WHAT YOU SHOULD DO:
All lines in the records below from the line with "Mexican White Onyx Scalloped Dishes" through the line with "Select the cloned template and allow access" are to be given again exactly, both ends included; the pictures are to be left out.

INPUT:
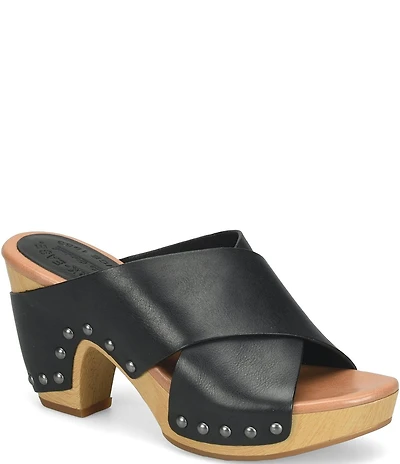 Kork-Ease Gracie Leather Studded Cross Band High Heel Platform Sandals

* * *

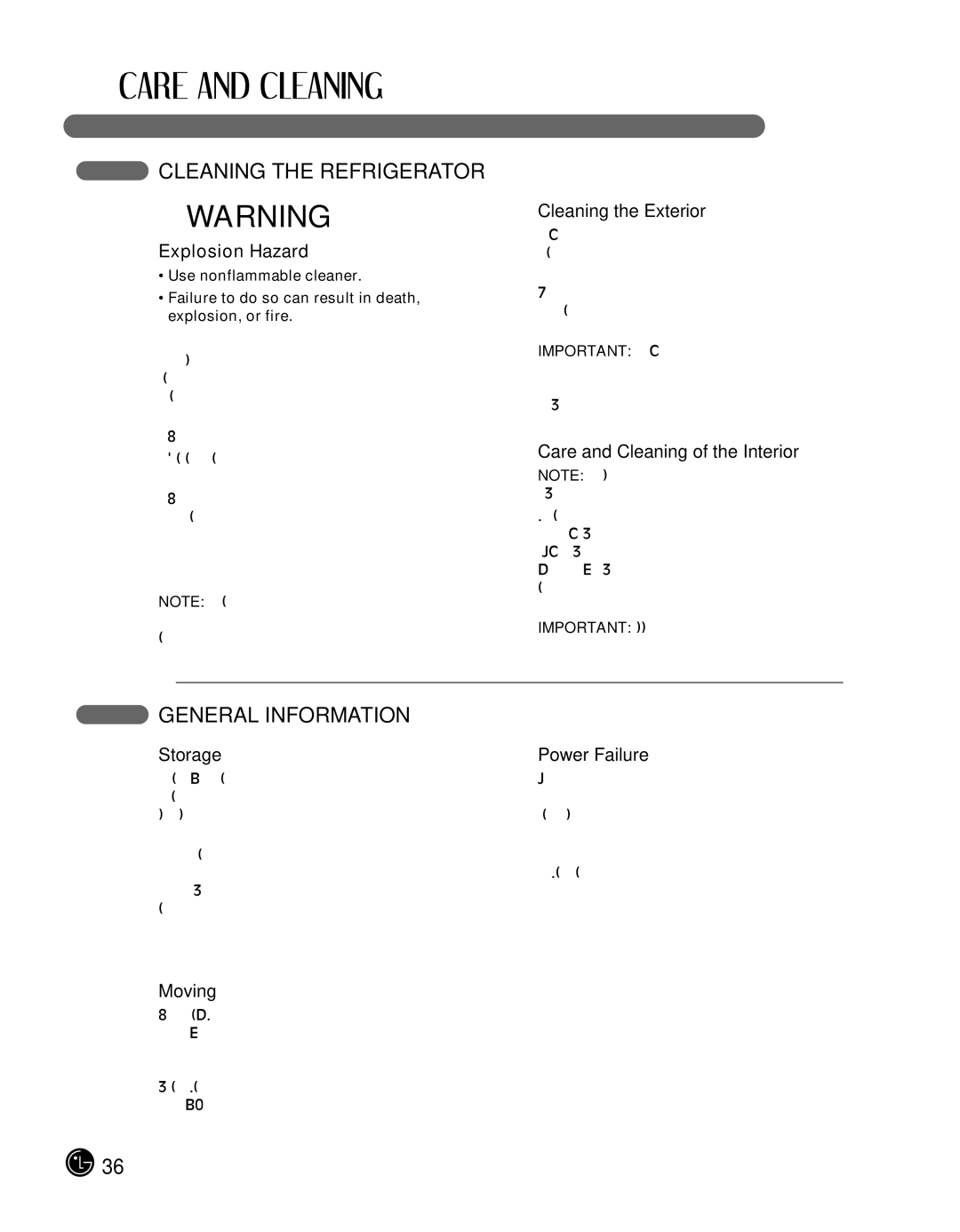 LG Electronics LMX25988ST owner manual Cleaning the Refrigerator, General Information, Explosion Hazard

* * *

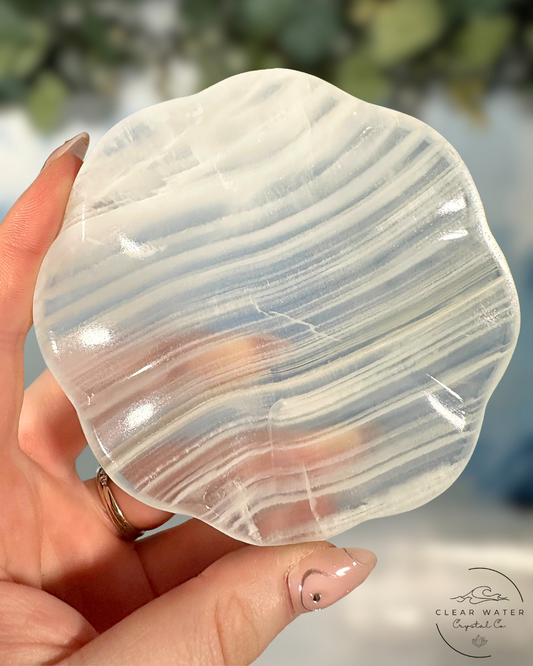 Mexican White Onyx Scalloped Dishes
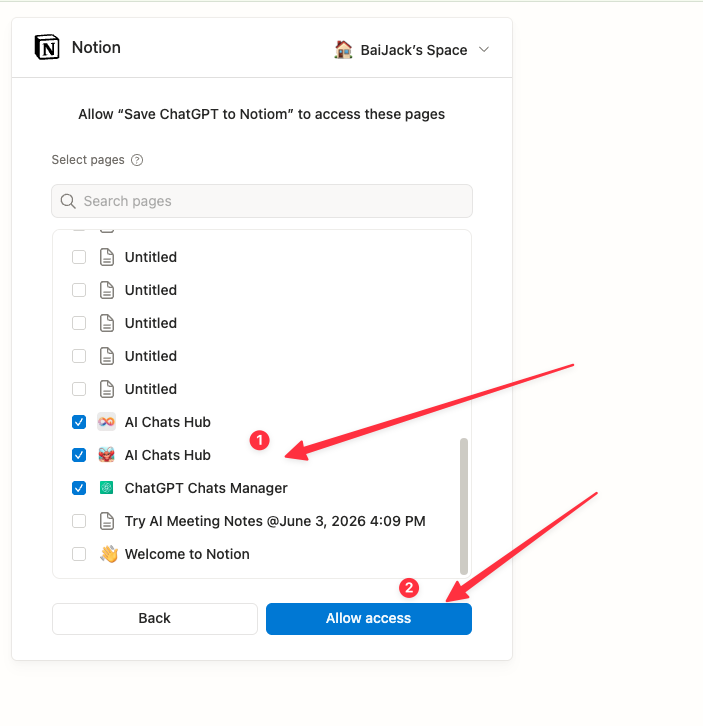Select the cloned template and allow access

OUTPUT FOR THIS TASK:
 Mexican White Onyx Scalloped Dishes
Select the cloned template and allow access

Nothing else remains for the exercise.